TASK DETAILS — Only the tail of the listing is wanted: the line containing "Lemon cake with" and all after it, repeated exactly, pictures omitted.

-------------------------

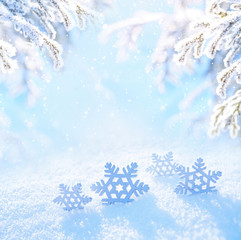 Light Christmas background. Decorative snowflakes close-up in snow on sunny day. Snowy landscape with spruce fir branches covered with snow and falling snow on nature outdoors, copy space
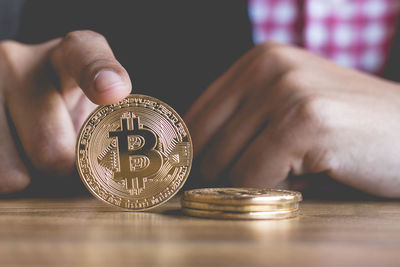 Cropped hands of business person holding bitcoin over wooden table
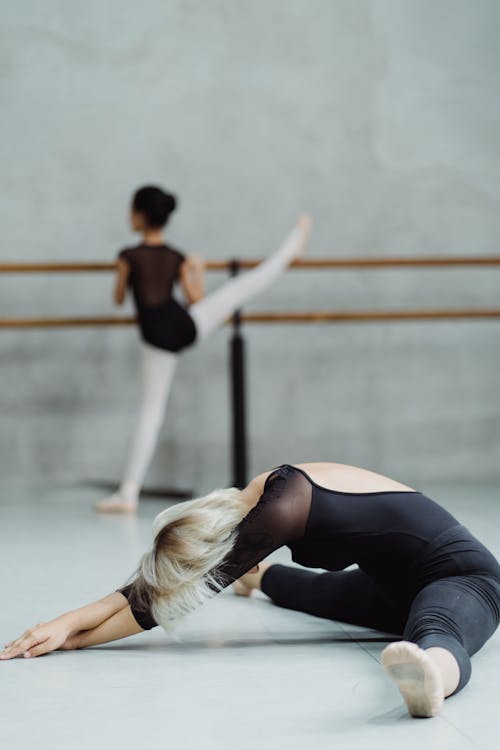 Full body of faceless ballet teacher stretching body before ballet class with pupil on barre
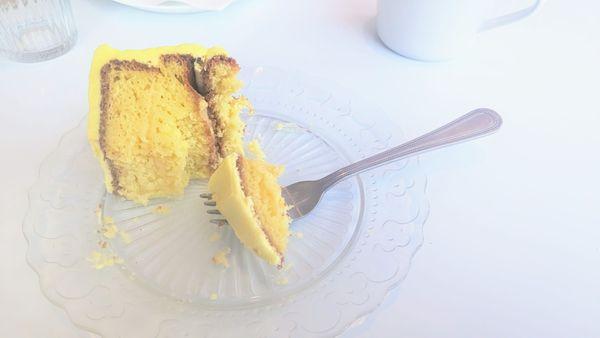 Lemon cake with lemon curd and the creamiest yellow frosting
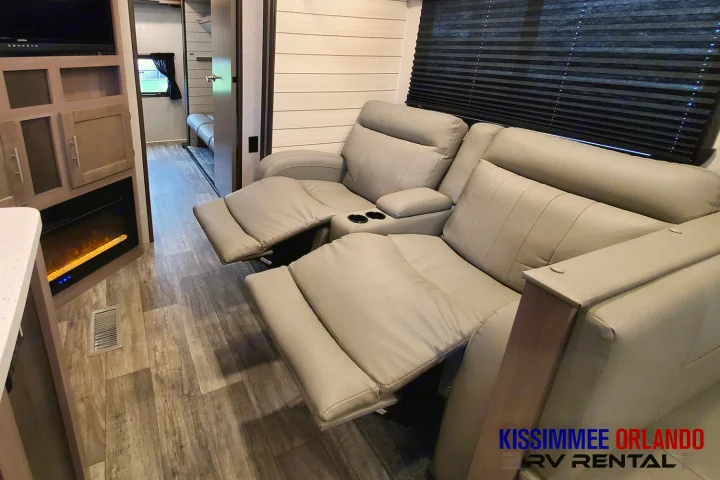 Spacious RV interior with reclining theater seating, electric fireplace, and modern decor for your rv rental comfort.. Crossroads Sunset Trail 2022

-------------------------

RESULT FOR THIS TASK —
 Lemon cake with lemon curd and the creamiest yellow frosting
 Spacious RV interior with reclining theater seating, electric fireplace, and modern decor for your rv rental comfort.. Crossroads Sunset Trail 2022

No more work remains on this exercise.